■ **Source information**:
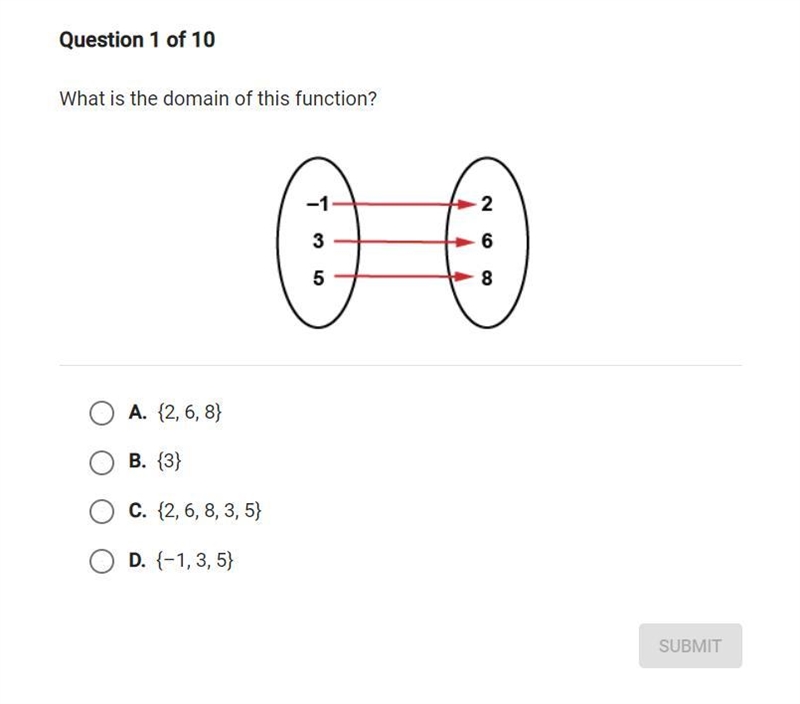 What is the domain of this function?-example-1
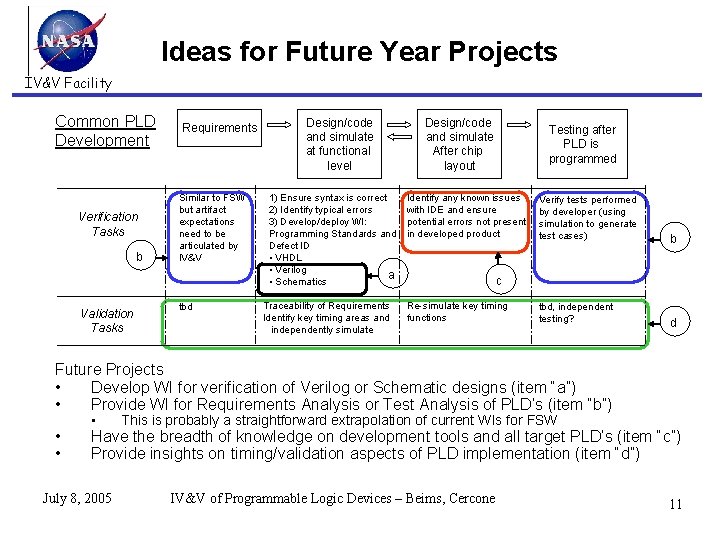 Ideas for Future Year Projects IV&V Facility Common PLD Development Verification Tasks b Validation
...
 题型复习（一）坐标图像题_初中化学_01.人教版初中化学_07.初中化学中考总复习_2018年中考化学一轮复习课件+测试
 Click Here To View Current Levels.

■ **Problem requirements**: For the material above, give again only the lines starting at the line that contains "What is the" and ending at the line that contains "Ideas for Future". Pictures do not belong in the copy.

■ **Reply to the exercise**:
 What is the domain of this function?-example-1
 Ideas for Future Year Projects IV&V Facility Common PLD Development Verification Tasks b Validation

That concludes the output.